Not since 1968 has hunger been so at the forefront of the American consciousness, and never before have we had the advocacy tools at our fingertips to take advantage of such a moment. We have A Place at the Table and National Geographic, TakePart and the Healthy Hunger-Free Kids Act. We have Share Our Strength and Feeding America at the top of their respective games, working with hundreds of thousands of on-the-ground partners to feed food insecure children and adults. Our media, our government and our nonprofits are all reaching more people with an overwhelming message: this is a problem, and we have to do something.
Our fork in the road lies in what that “something” is. For so long we have focused on can drives and doing good. We must now turn our focus to doing well. We cannot donate our way out of hunger or spend our way out of poverty. Our patchwork of emergency feeding systems – food shelves, food banks, soup kitchens, shelters – do phenomenal work in the situations described exactly by their name. There will always be a need for these angels of last resort, on call for emergencies, for immediate needs, for the day or for the week or for the month. They should not and cannot be for the years or for the lifetime, but so many times they are. This is a failure in a safety net designed for those who have fallen through so many others. We have to do better than this.

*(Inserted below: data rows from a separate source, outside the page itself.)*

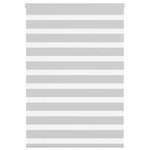 vidaXL Store zèbre gris clair largeur du tissu 110 9 cm polyester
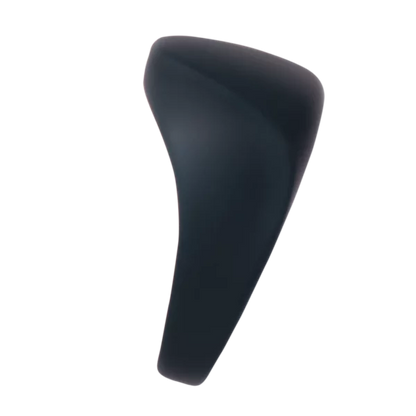 Side view of a Blue silicone ring.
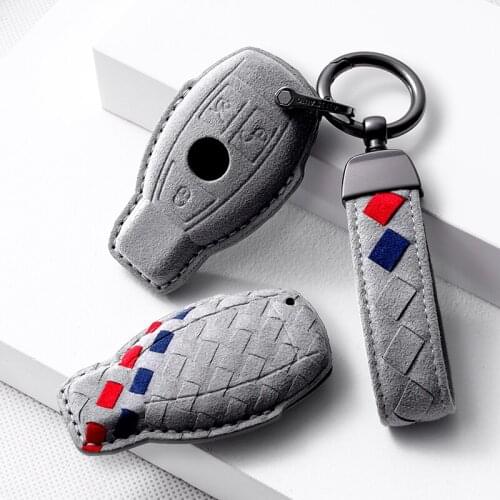Car Key Fob Case Cover Bag Protect Suit For Mercedes Benz Key Fob Cover Case A B GLC CLA GLA CLS S E C Class W204 W205 W212 W176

We have a moral obligation as a country and world so bountiful to ensure that those around us have what they need to thrive. These emergency feeding systems are a piece but not the whole puzzle, a corner of a picture we all need to help paint. I’d like to think the Guide to Food Drives and MEANS fit into these small details. What myself and my team do is one tiny brushstroke of a portrait that cannot be dominated by the colors of short-term relief. Domestically, programs like SNAP and WIC paired with powerful job-training and education initiatives like those engineered at DC Central Kitchen serve the immediate need while giving those receiving food for a day the tools to feed themselves for a lifetime. Internationally, microfinancing cooperatives and interventions designed by the communities they are used in serve the same purpose, building an infrastructure to uphold those living in poverty as opposed to lifting them up with no supports to keep these vulnerable populations from tumbling right back down.
We will always have a place for food pantries in church basements. We will always need programs like SNAP and WIC. We will not always have the momentum now surrounding hunger in America to do more. SNAP has faced fire over costs and likely will again. Food pantries run out of donations and are at the mercy of markets and corporate social responsibility offices. These are good systems run by great people who cannot and should not be expected to solve hunger. They are on the front lines of a battle raging for centuries. It’s time for us to add reinforcements and begin to win the war once and for all.